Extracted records
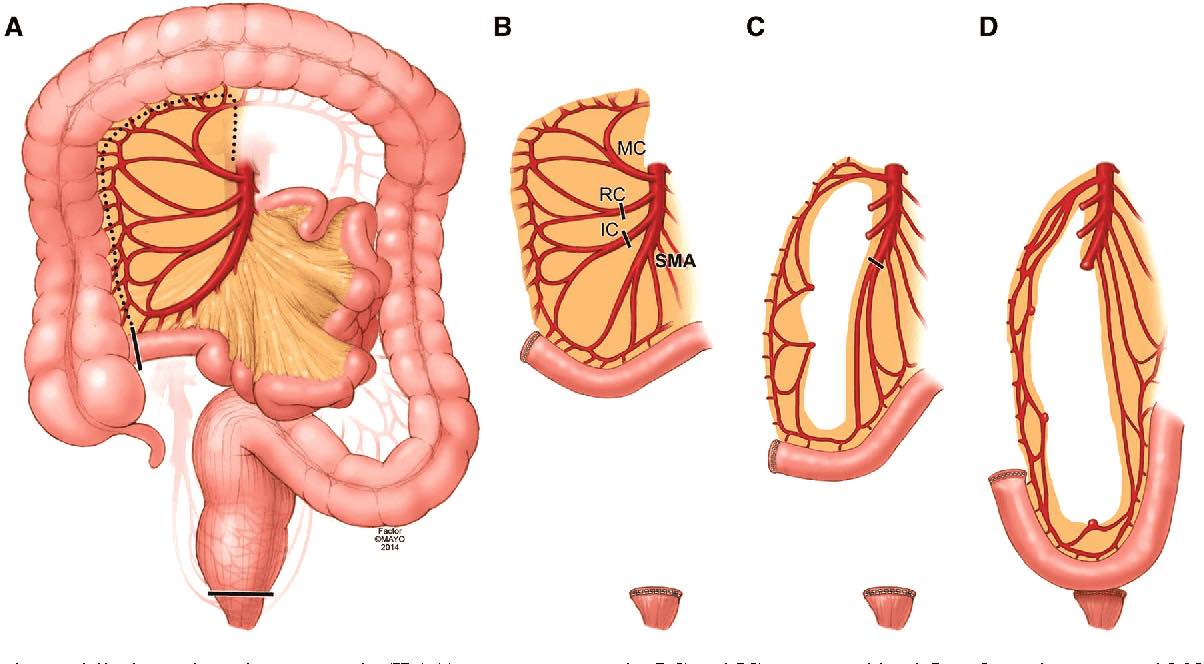 2-Figure1-1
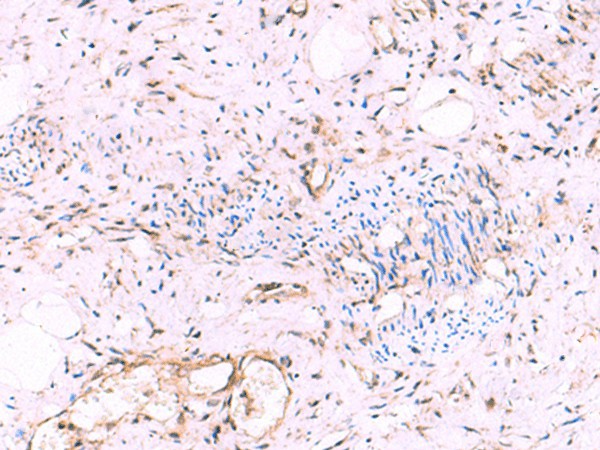 Immunohistochemistry of paraffin-embedded Human cervical cancer tissue  using KATNAL1 Polyclonal Antibody at dilution of 1:95(?200)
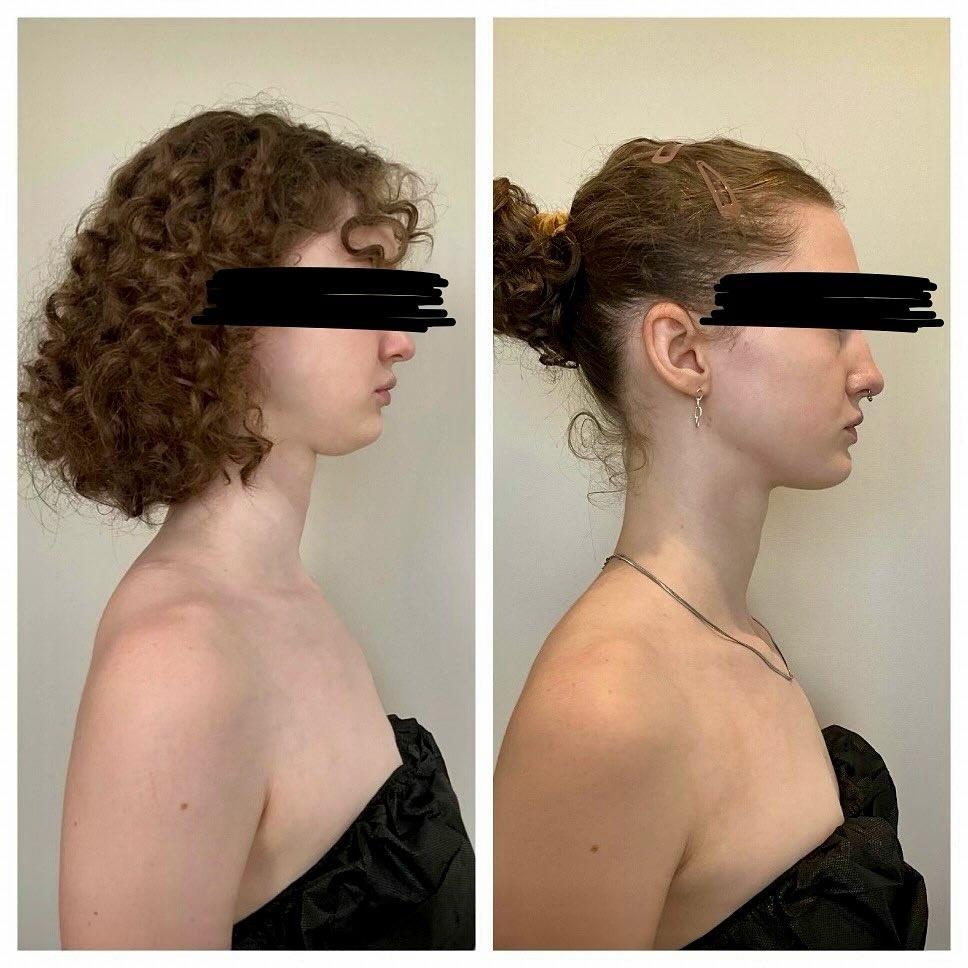 BodyLuxe | FormSculpt Awake Liposuction & Fat Transfer by Daniel J Farrugia MD PhD FACS Image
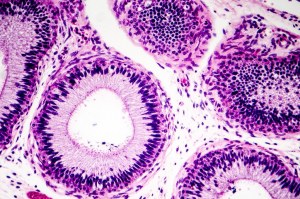 Optimize your IHC results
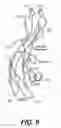 Fig. 12 - FOLLICLE STIMULATING HORMONE SUPERAGONISTS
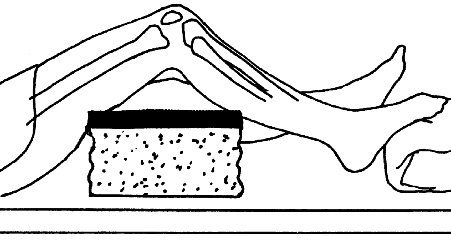 Fig. 6.128 8 × 10 inches (18 × 24 cm) receptorul de imagine.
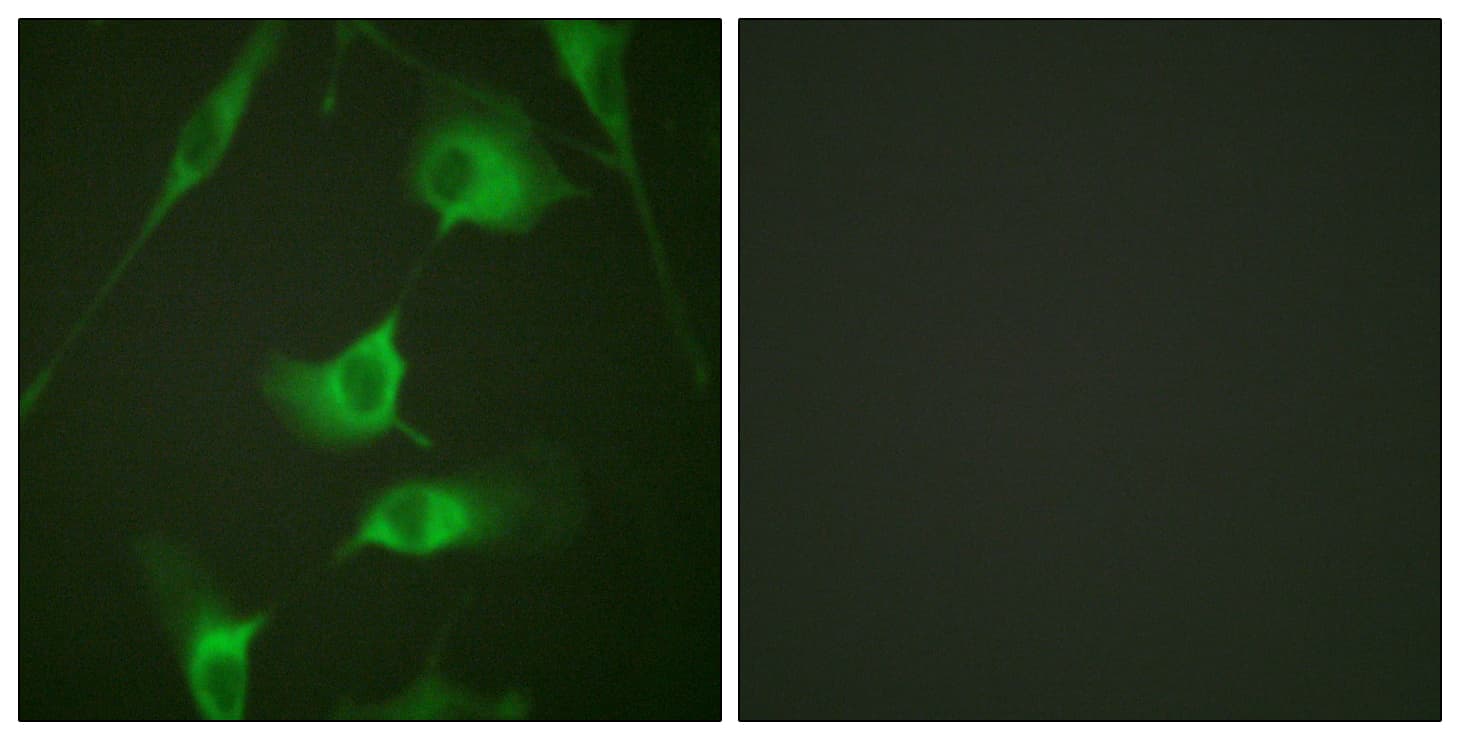 IHC-plus™ KRT8 / CK8 / Cytokeratin 8 Antibody (aa401-450)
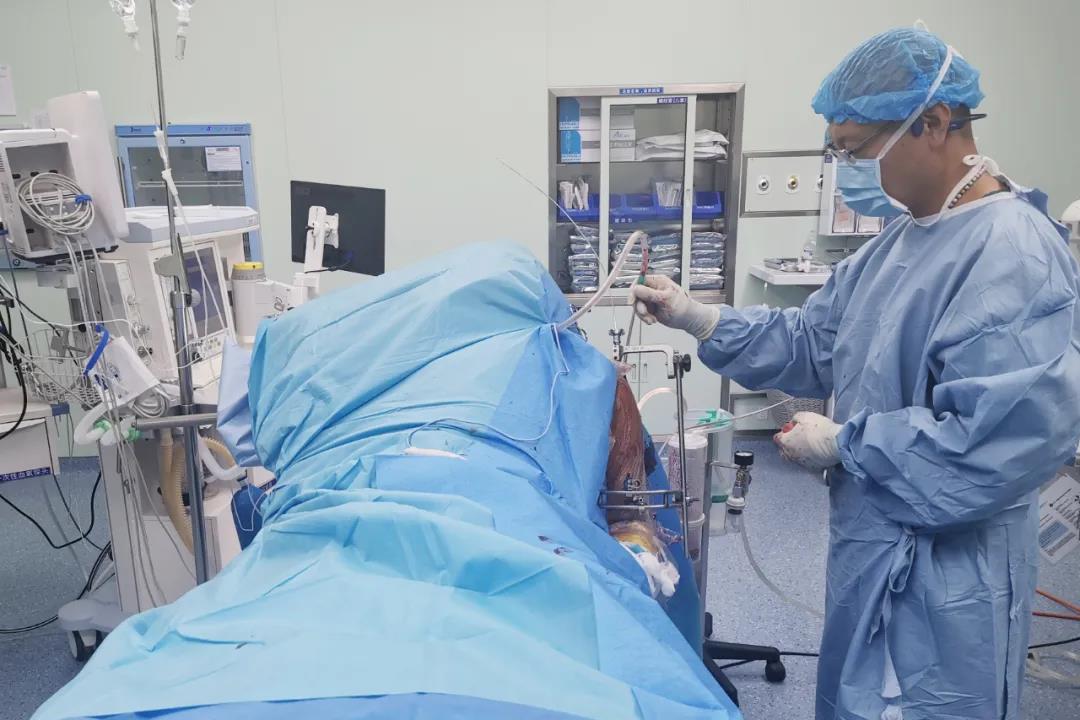 烟台山医院东院创伤二科将医学3d打印技术应用于肱骨近端骨折微创髓内针手术。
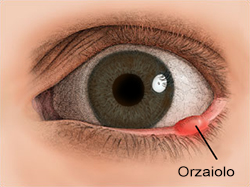 Bruciore e arrossamento occhi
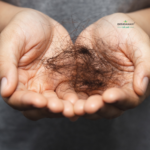 Flat lay of Ayurvedic herbs like Amla, Bhringraj, Neem, and a bowl of herbal oil with a wooden comb, symbolizing natural remedies for hair fall management.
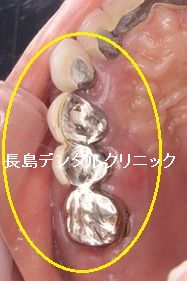 右上前歯から奥歯にかけて4歯欠損に対して2本のインプラントを使いインプラントブリッジを装着した症例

#### [Directions]
Print once more, exactly, the lines that start at the top of the records above and end at the line with "IHC-plus™ KRT8 /", skipping all pictures.

#### [Output]
 2-Figure1-1
 Immunohistochemistry of paraffin-embedded Human cervical cancer tissue  using KATNAL1 Polyclonal Antibody at dilution of 1:95(?200)
 BodyLuxe | FormSculpt Awake Liposuction & Fat Transfer by Daniel J Farrugia MD PhD FACS Image
 Optimize your IHC results
 Fig. 12 - FOLLICLE STIMULATING HORMONE SUPERAGONISTS
 Fig. 6.128 8 × 10 inches (18 × 24 cm) receptorul de imagine.
 IHC-plus™ KRT8 / CK8 / Cytokeratin 8 Antibody (aa401-450)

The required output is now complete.